[PROBLEM REQUIREMENTS] Transcribe the data as written, minus images.

[DATA BLOCK]
──────
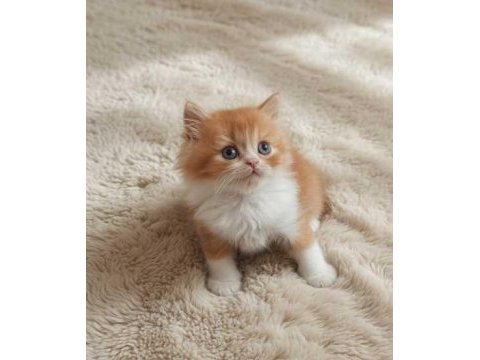 Red ve red bicolor british longhair erkek yavrularımız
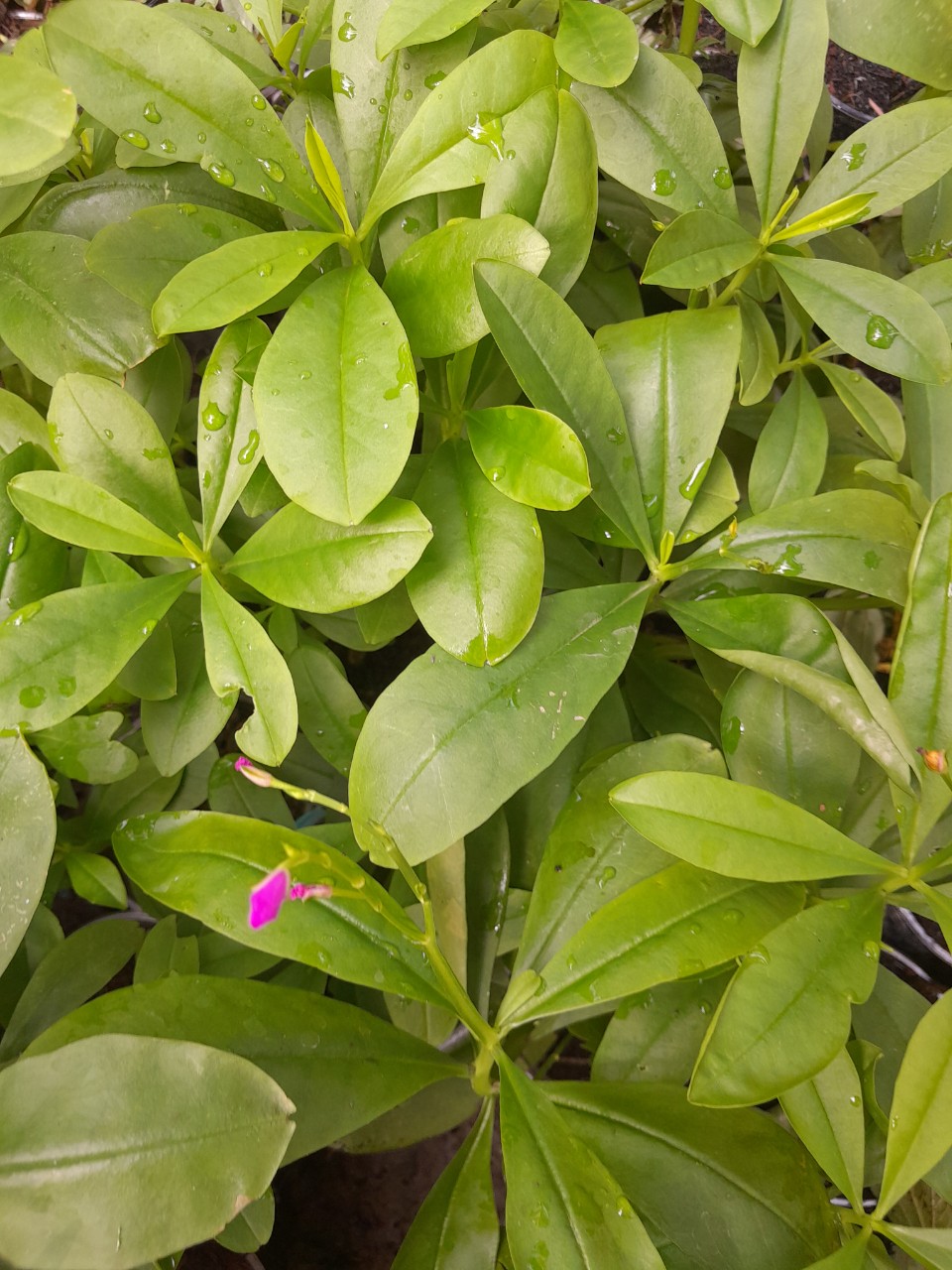 Cây Rau Sâm Đất Giống, chậu cây như ảnh chụp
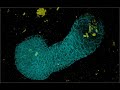 JID June 2024 Cover: Mammary bud epithelium (TO EDIT)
──────
[ANSWER BOX]
 Red ve red bicolor british longhair erkek yavrularımız
 Cây Rau Sâm Đất Giống, chậu cây như ảnh chụp
 JID June 2024 Cover: Mammary bud epithelium (TO EDIT)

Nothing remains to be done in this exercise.